> _TASK DIRECTIONS_:
Write again exactly the lines in the listing below, starting at the line with "Tênis tesla original" and ending at the line with "44 E. 12th Ave.", both included. Pictures are not copied.

> _EXTRACTED MATERIAL_:
****************

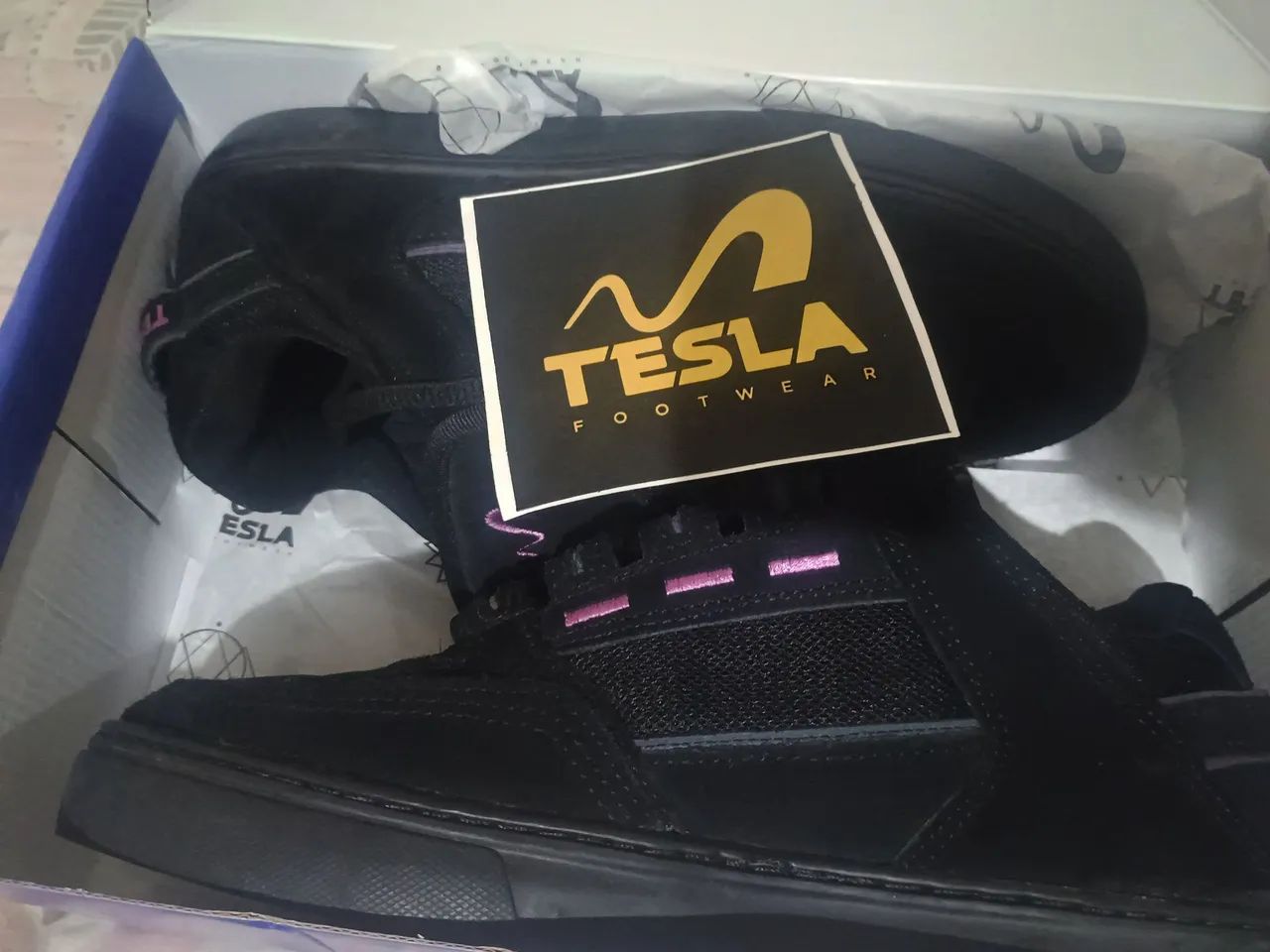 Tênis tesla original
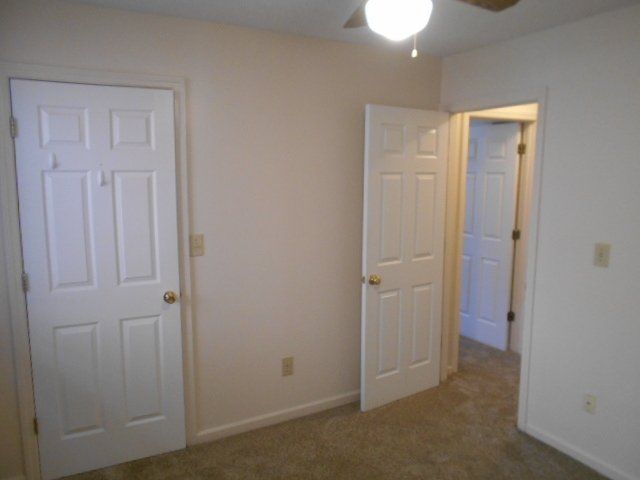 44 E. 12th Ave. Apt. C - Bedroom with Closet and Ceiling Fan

****************

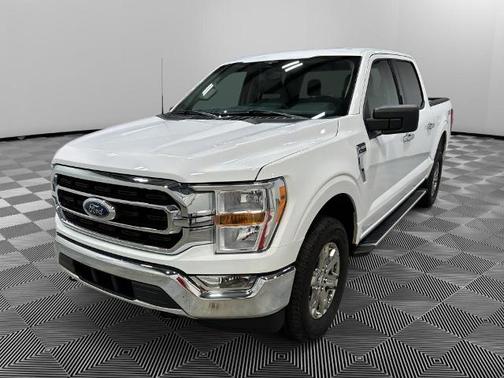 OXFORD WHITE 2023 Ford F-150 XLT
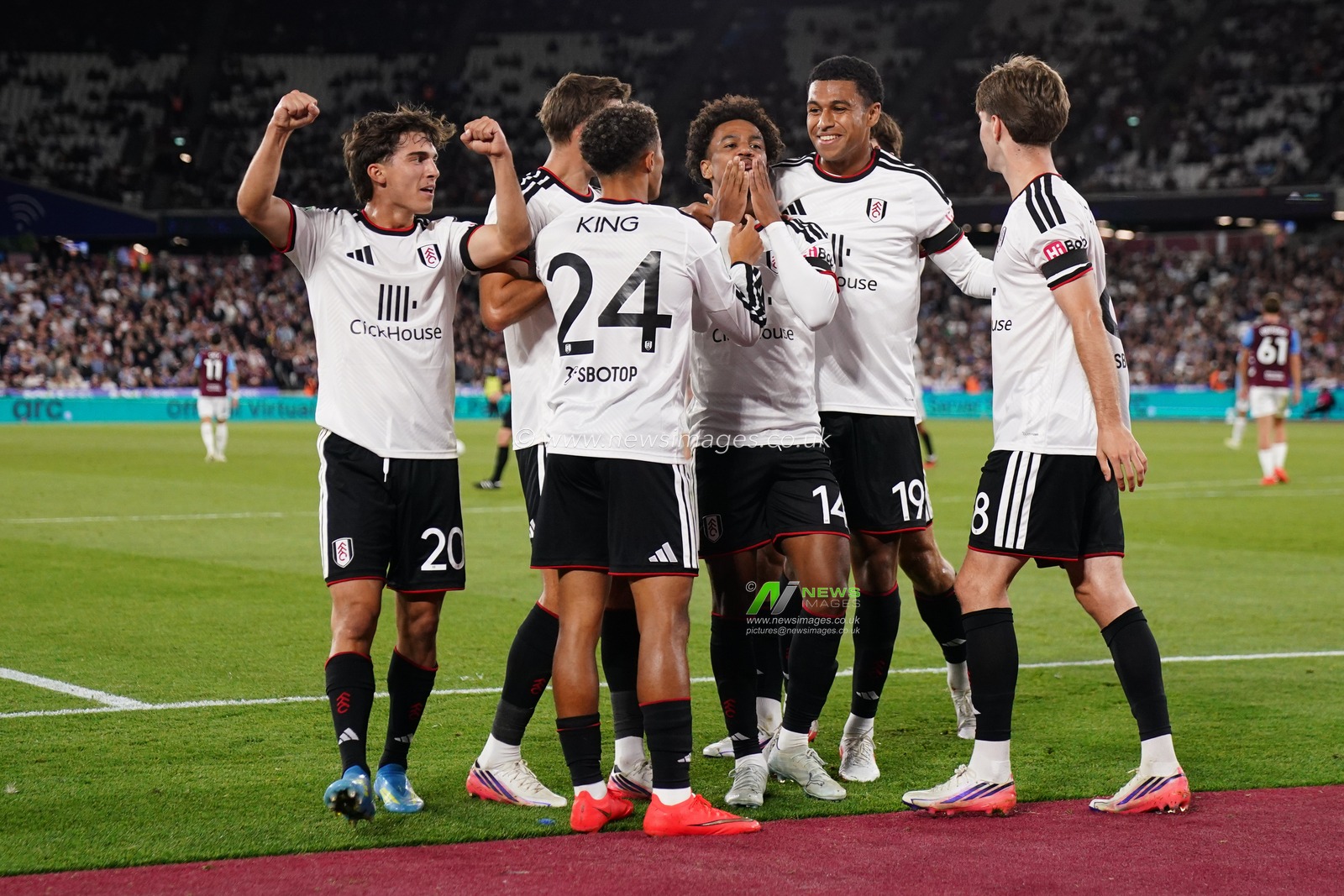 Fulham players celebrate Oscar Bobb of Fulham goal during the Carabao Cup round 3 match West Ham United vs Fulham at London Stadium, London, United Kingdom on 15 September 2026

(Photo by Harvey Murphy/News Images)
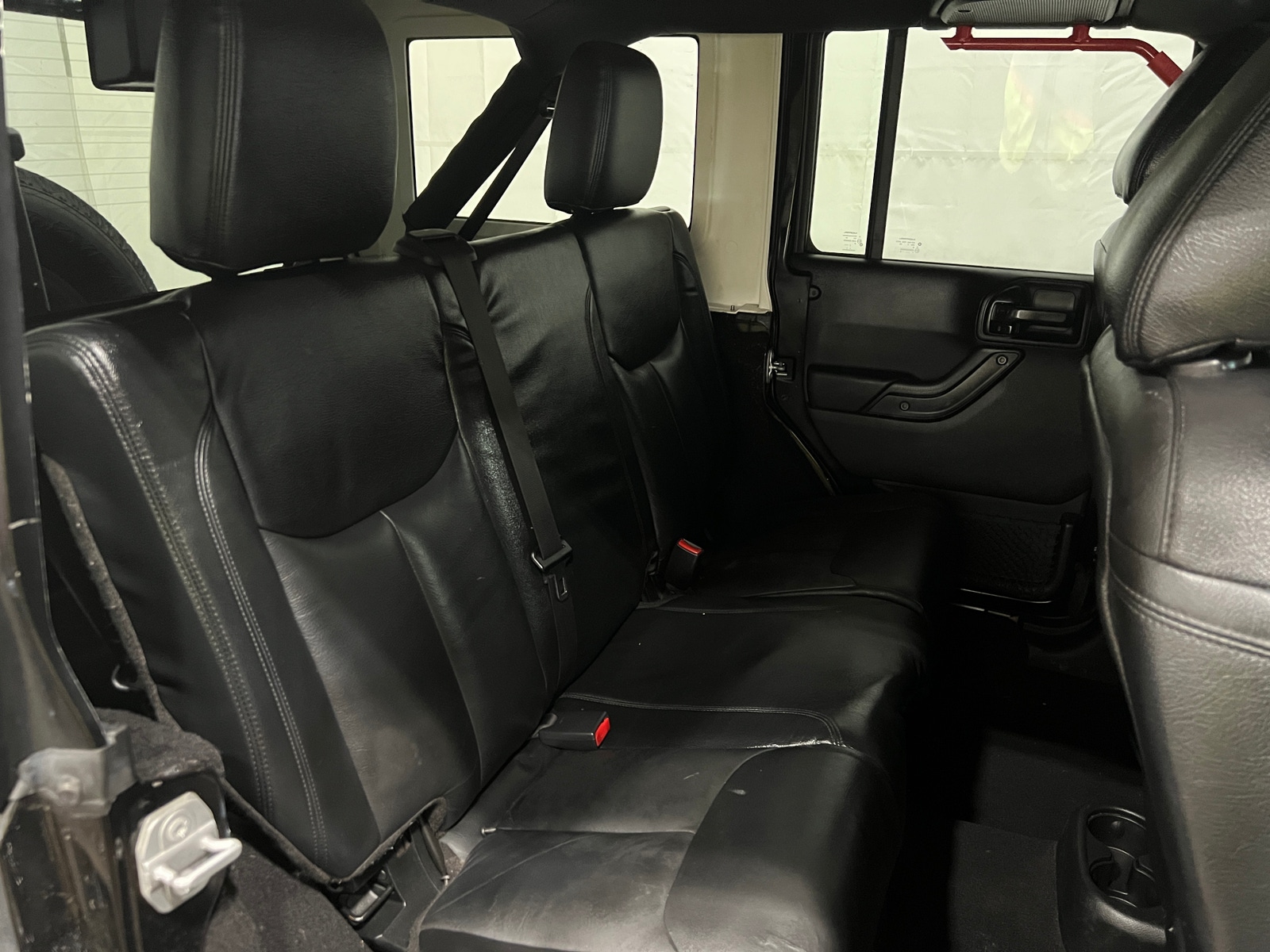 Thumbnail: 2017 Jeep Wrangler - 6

****************

> _TASK ANSWER_:
 Tênis tesla original
 44 E. 12th Ave. Apt. C - Bedroom with Closet and Ceiling Fan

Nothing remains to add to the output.